───── EXTRACTED INFORMATION ─────
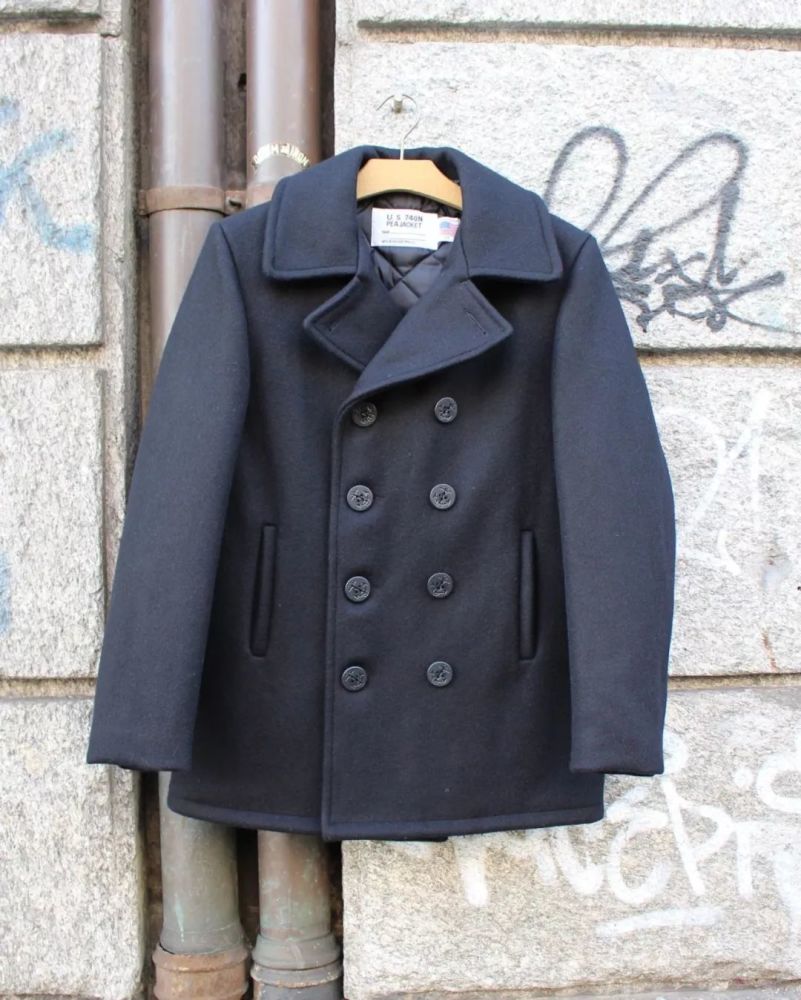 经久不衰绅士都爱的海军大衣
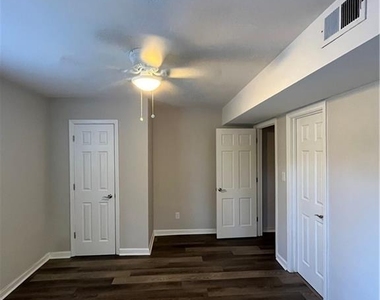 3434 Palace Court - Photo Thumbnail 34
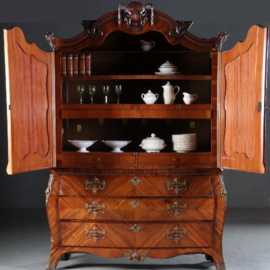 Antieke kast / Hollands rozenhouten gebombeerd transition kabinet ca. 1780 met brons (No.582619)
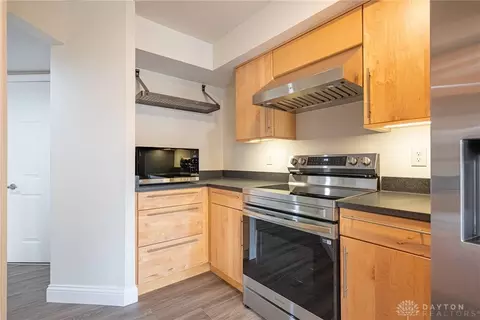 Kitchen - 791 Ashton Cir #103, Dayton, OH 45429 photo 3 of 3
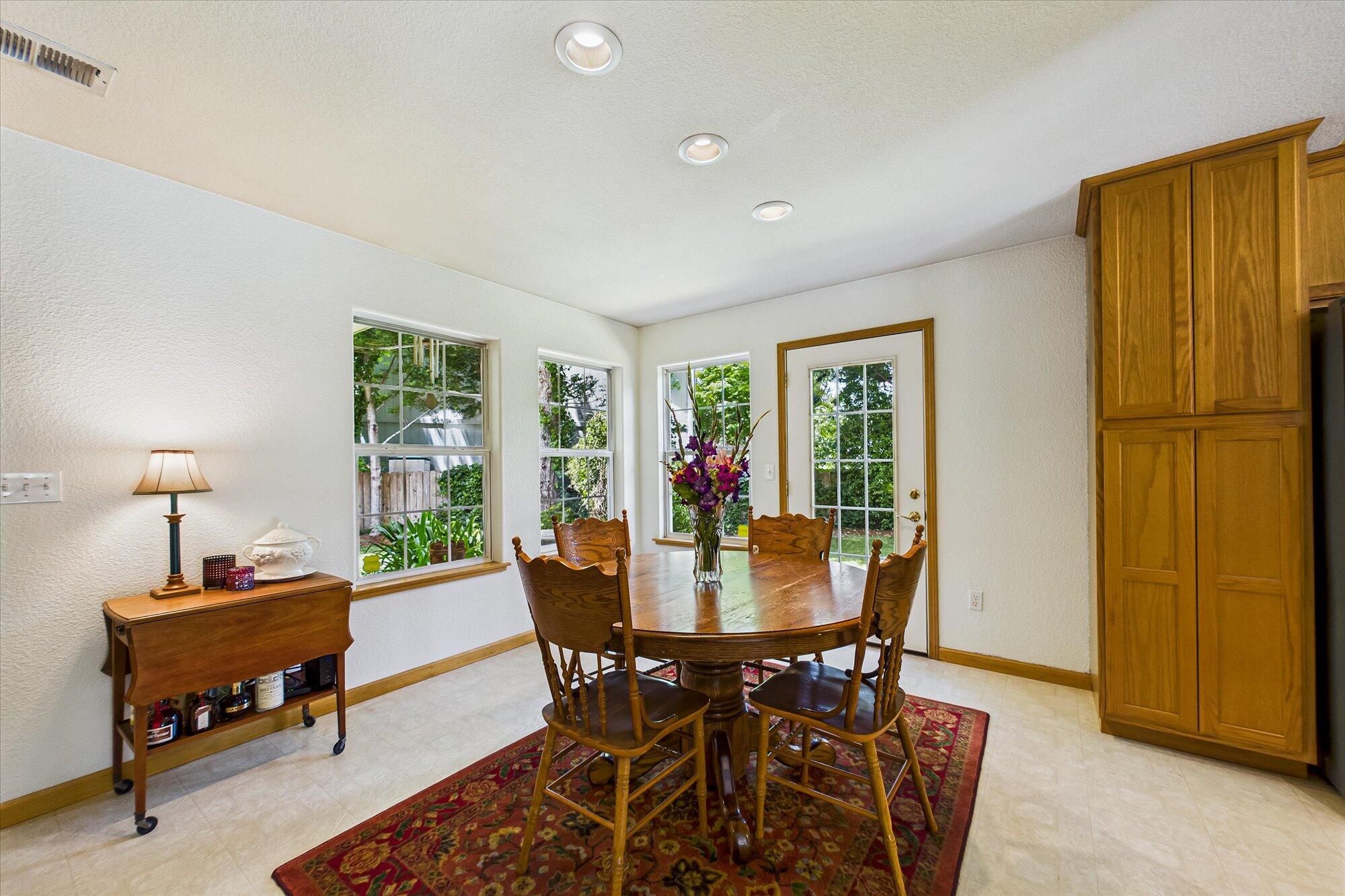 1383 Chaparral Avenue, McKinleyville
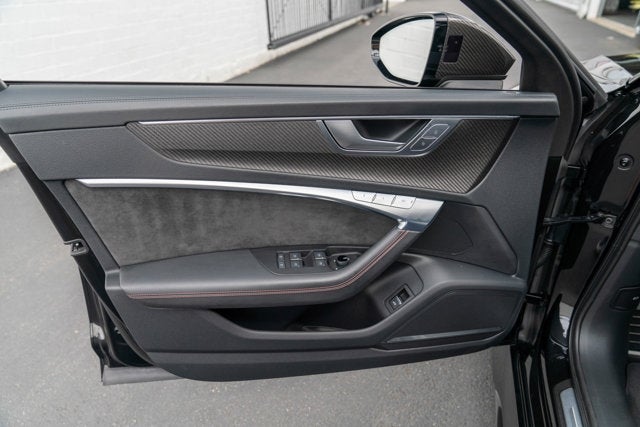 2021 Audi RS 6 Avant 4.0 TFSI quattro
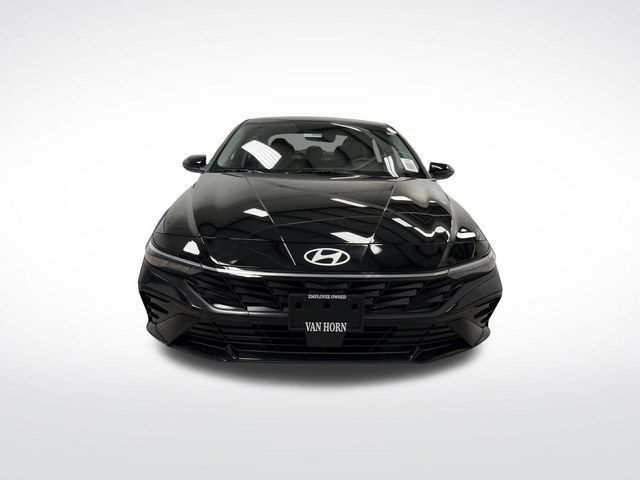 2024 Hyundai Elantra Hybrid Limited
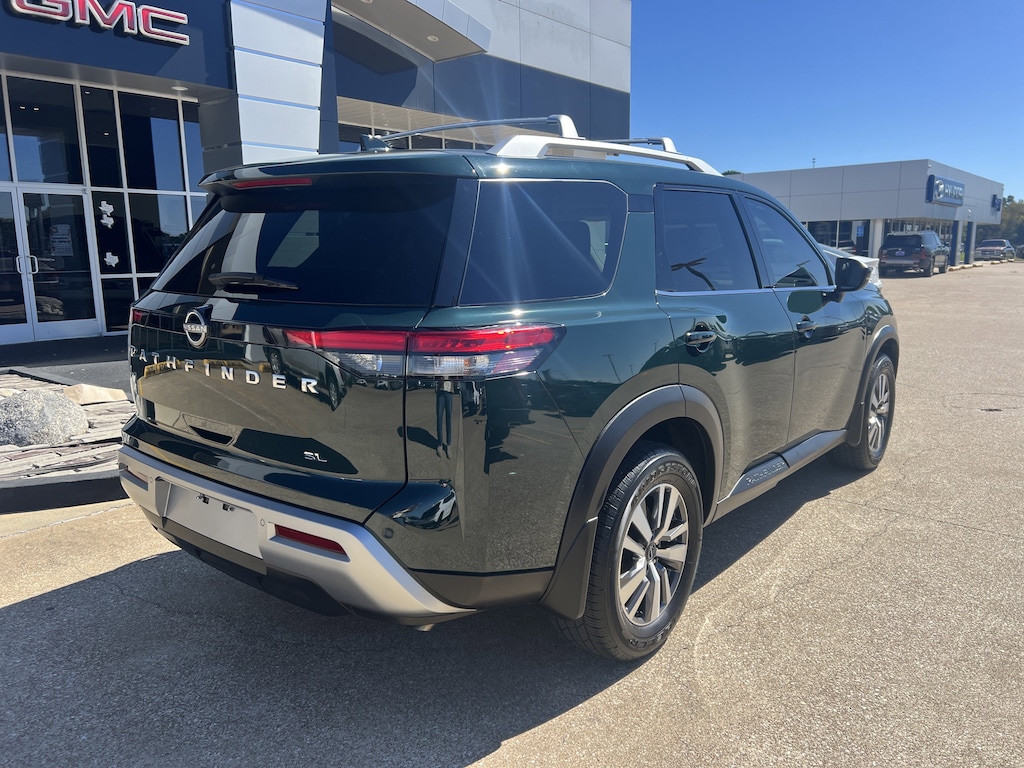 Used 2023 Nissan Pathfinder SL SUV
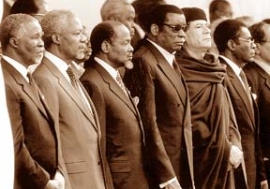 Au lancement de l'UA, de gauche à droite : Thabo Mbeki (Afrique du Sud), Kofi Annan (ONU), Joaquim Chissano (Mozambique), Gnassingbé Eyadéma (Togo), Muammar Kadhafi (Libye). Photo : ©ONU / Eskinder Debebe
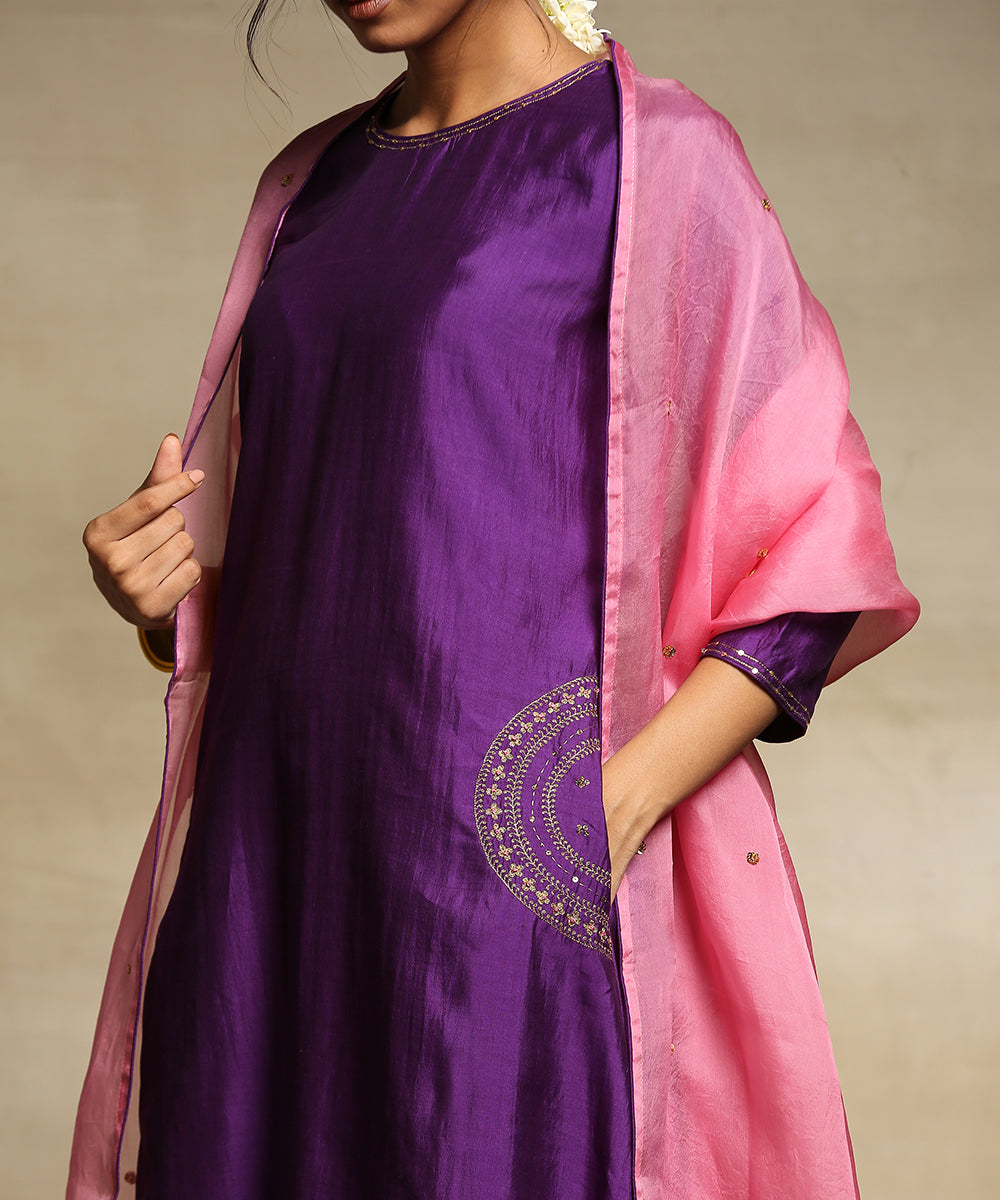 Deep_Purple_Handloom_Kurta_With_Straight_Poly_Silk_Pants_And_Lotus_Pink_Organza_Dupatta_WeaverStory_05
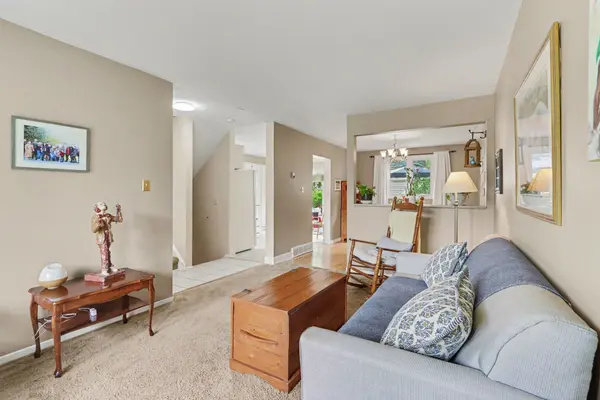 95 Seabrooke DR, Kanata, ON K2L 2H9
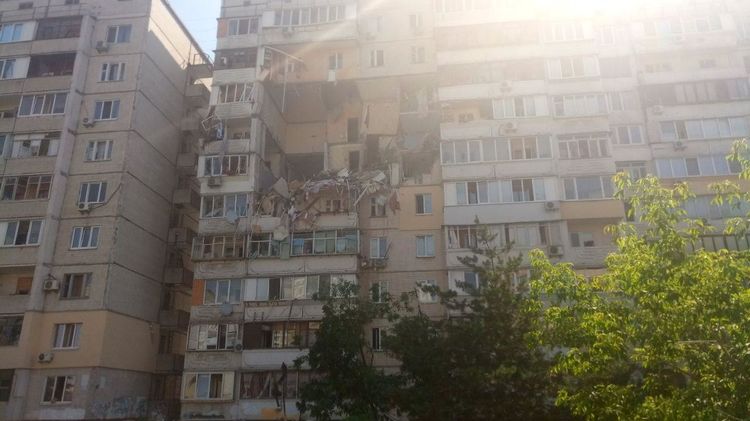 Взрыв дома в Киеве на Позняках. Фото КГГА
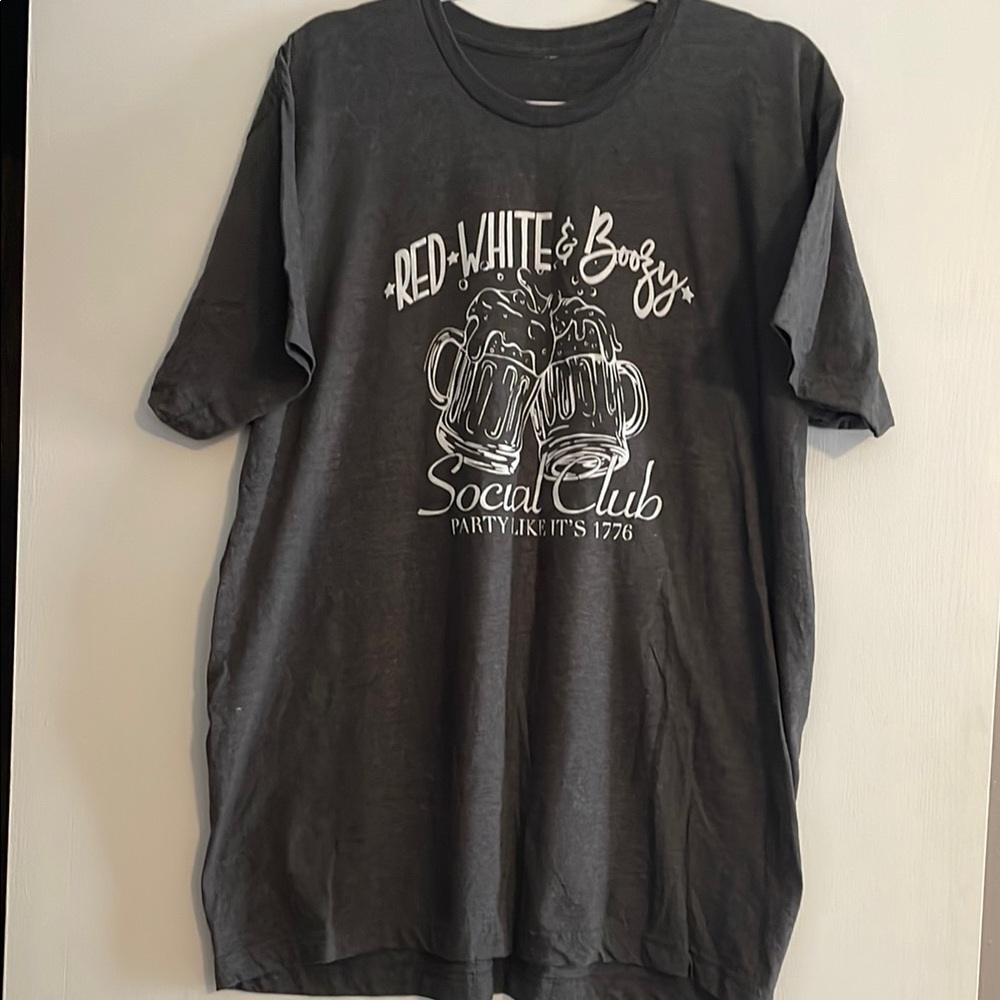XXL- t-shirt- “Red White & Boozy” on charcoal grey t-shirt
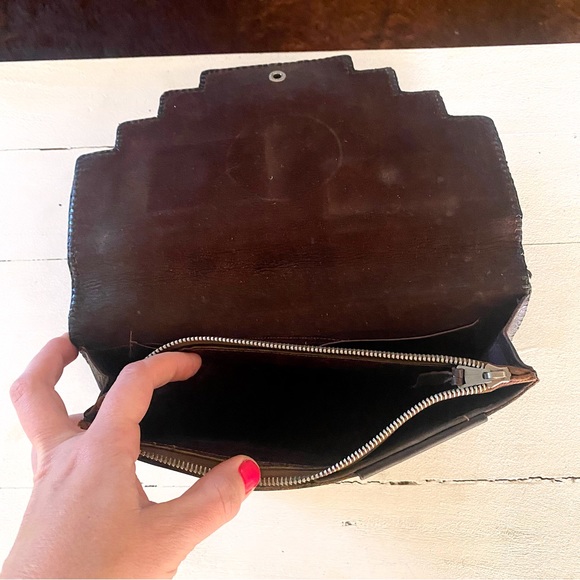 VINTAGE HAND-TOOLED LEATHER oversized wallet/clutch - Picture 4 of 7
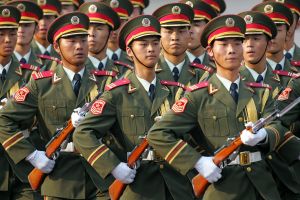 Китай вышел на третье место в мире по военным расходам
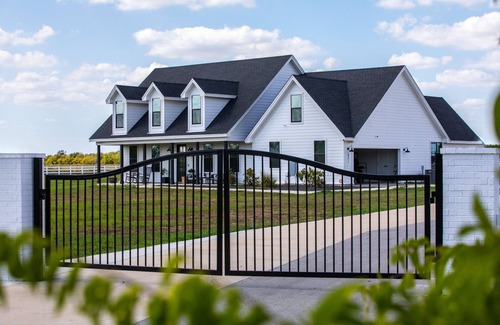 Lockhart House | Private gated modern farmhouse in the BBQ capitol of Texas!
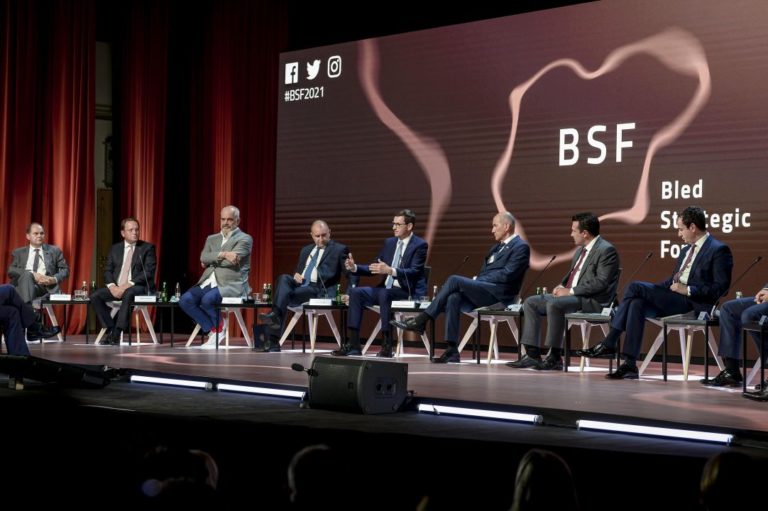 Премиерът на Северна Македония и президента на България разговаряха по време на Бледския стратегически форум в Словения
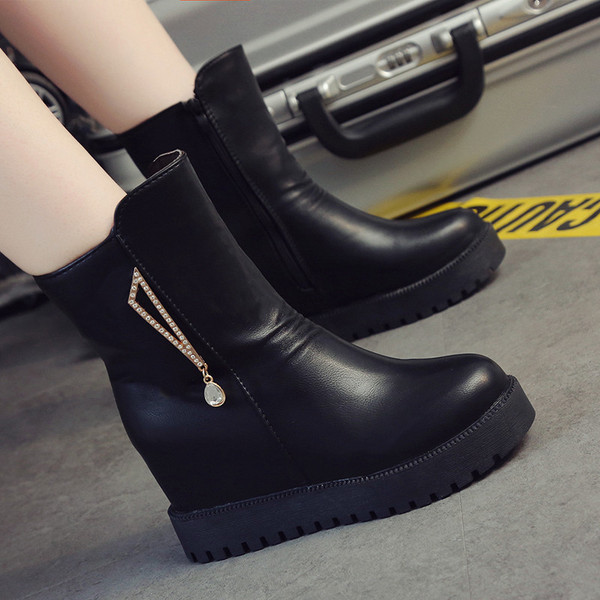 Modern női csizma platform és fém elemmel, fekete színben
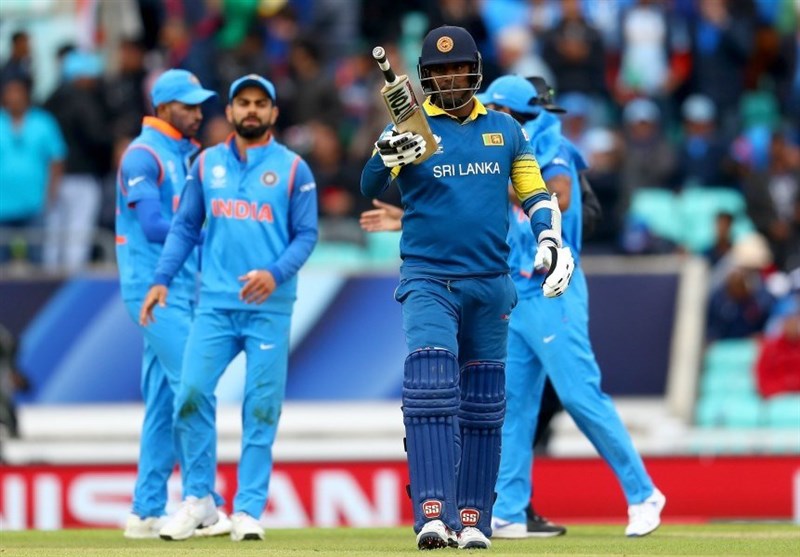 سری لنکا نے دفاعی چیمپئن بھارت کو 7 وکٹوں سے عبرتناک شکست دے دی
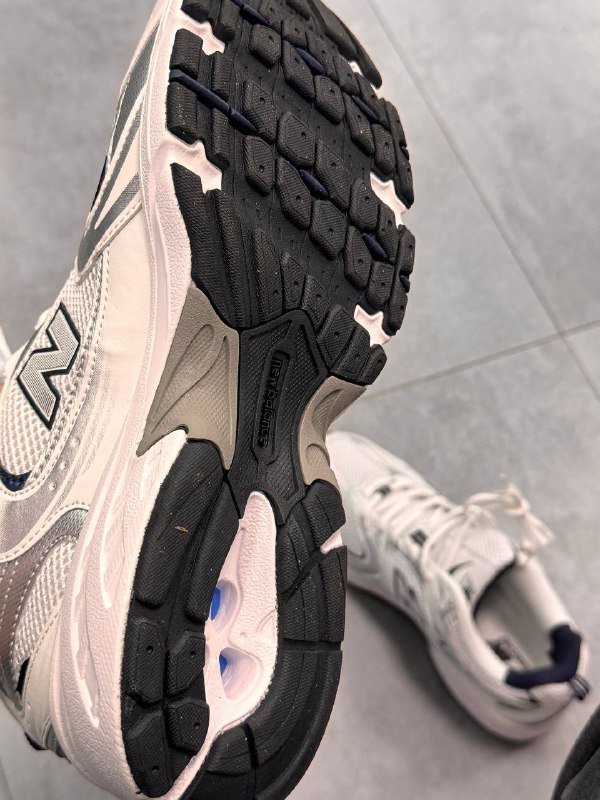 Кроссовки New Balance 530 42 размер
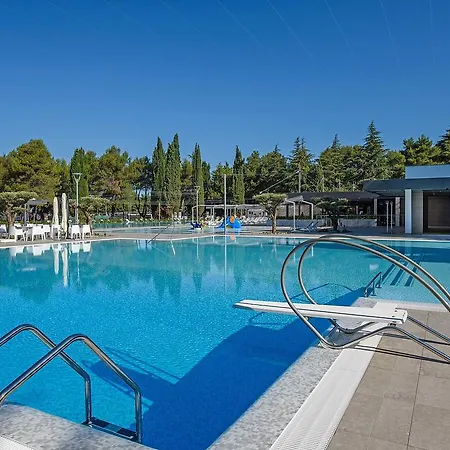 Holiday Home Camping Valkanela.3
─────
_DESCRIPTION OF THE TASK_
In the data above, find the line containing "Lockhart House |", then output it and every later line exactly, without the pictures.

_EXPECTED OUTPUT_
 Lockhart House | Private gated modern farmhouse in the BBQ capitol of Texas!
 Премиерът на Северна Македония и президента на България разговаряха по време на Бледския стратегически форум в Словения
 Modern női csizma platform és fém elemmel, fekete színben
 سری لنکا نے دفاعی چیمپئن بھارت کو 7 وکٹوں سے عبرتناک شکست دے دی
 Кроссовки New Balance 530 42 размер
 Holiday Home Camping Valkanela.3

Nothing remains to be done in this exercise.